A while back I wrote a Python script to watch for links posted on Twitter and then scrape their /robots.txt file [1]. The requests are routed through Tor for privacy purposes.

It's been incredibly enlightening. One thing that sticks out immediately is that you can identify the underlying HTTP framework in many cases due to the defaults. Sometimes even the exact version.

And, yes, people do use the robots file to "protect" or "hide" endpoints and they can effectively be used to enumerate potential endpoints worth investigating further (from a pentesting perspective).

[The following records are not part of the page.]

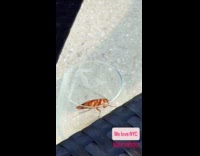 Woman grabs drink with cockroach inside glass
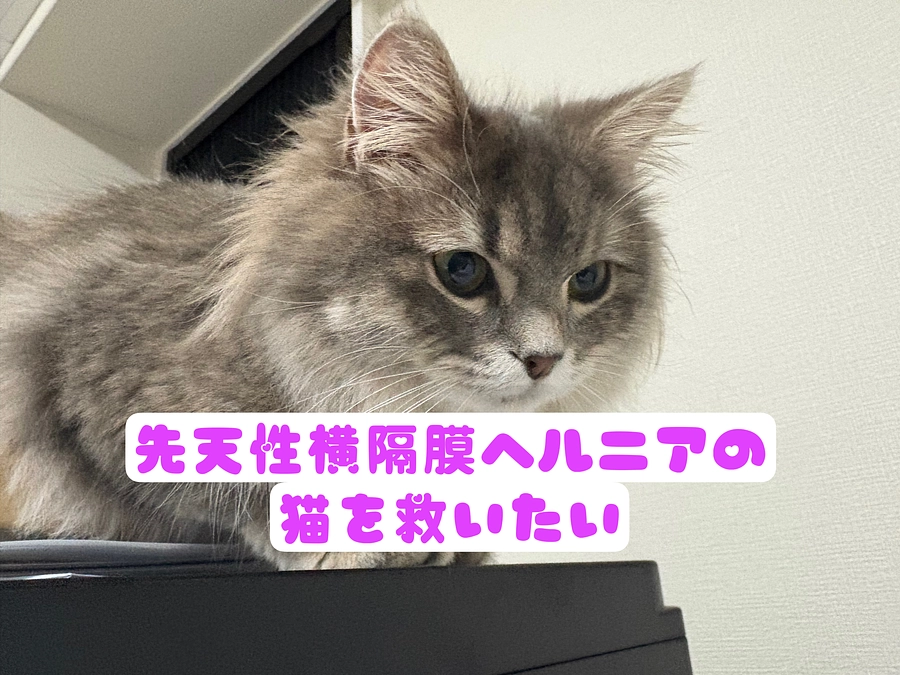 残り45分となりました。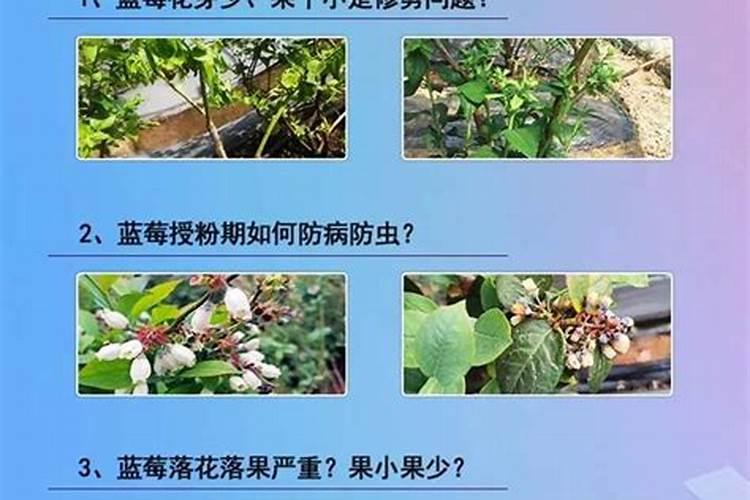 绿萝施什么肥料最好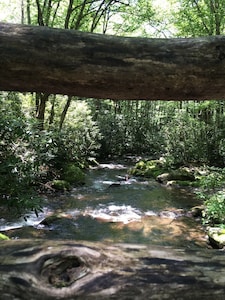 Mountain Views, Fire Pit, Minutes From Downtown Asheville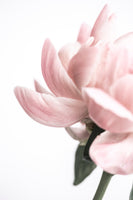 canvas-print-peony-2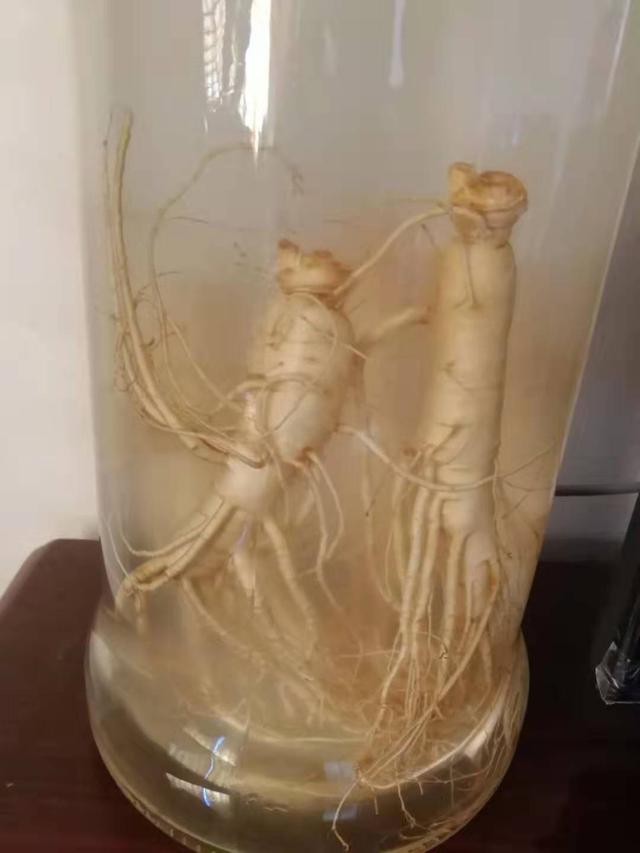 鲜人参泡酒怎么泡，新鲜人参怎么泡酒（用鲜人参泡酒）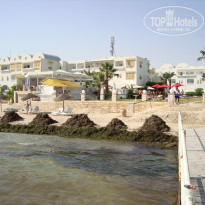 фото из отзыва ID 387946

[1] https://gist.github.com/wybiral/20c20ccf00b6c93506b8acdc6ccb...

link

gerdesj 2536 days ago

Silly old me always starts with / in a browser. Then I click on links. Not all sites leak information like a sieve with the wire bit removed but many do. There is sometimes no need to do anything clever like look for robots.txt.

link

koolba 2536 days ago

It’s like walking through an office and seeing an unlocked door with a “Do not enter” sign.

link

stusmall 2536 days ago

In addition to the obvious that is literally a list of places where admins don't want to look, it is also often useful in backend technology enumeration.

link

jwarren116 2536 days ago

It’s very literally the second bullet point on my enumeration list for web apps, right behind looking at the DNS records for the domain.

link

leetbulb 2536 days ago

It's far from a joke.

link